Output the listing below exactly, minus its images.

▸ **RAW DATA**:
++++
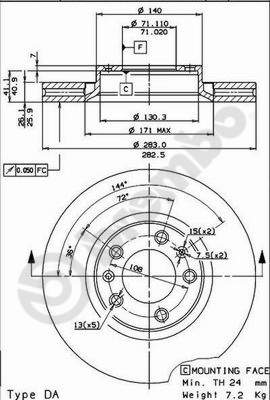 Disco freno anteriore Citroen cod.09.5574.10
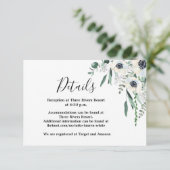 Anemone Details Hochzeitskarte RSVP Karte (Stehend Vorderseite)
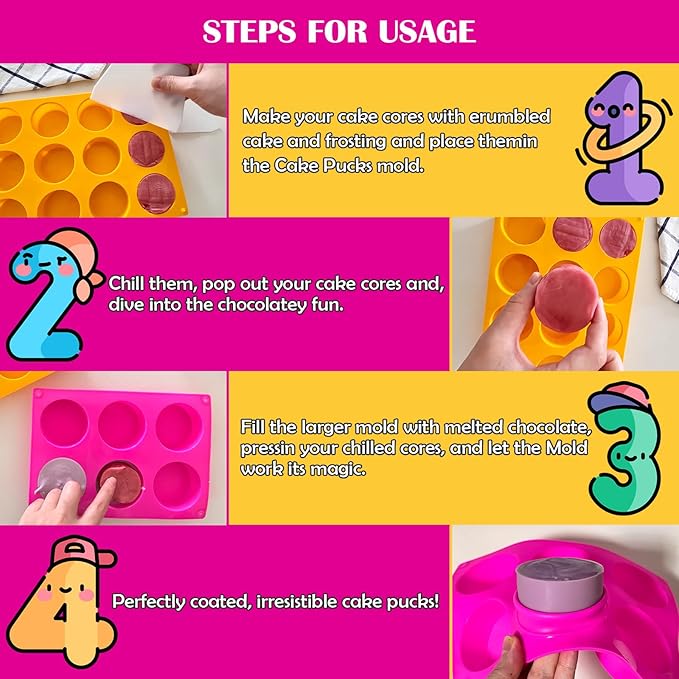 Cake Puck Mold Set, 12-Cavity Chocolate Covered Oreos Silicone Molds, Round CakePop Molds with 2 Spatulas for DIY Cake Cores, Cakepucks, Chocolate Desserts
++++
▸ **ANSWER BOX**:
 Disco freno anteriore Citroen cod.09.5574.10
 Anemone Details Hochzeitskarte RSVP Karte (Stehend Vorderseite)
 Cake Puck Mold Set, 12-Cavity Chocolate Covered Oreos Silicone Molds, Round CakePop Molds with 2 Spatulas for DIY Cake Cores, Cakepucks, Chocolate Desserts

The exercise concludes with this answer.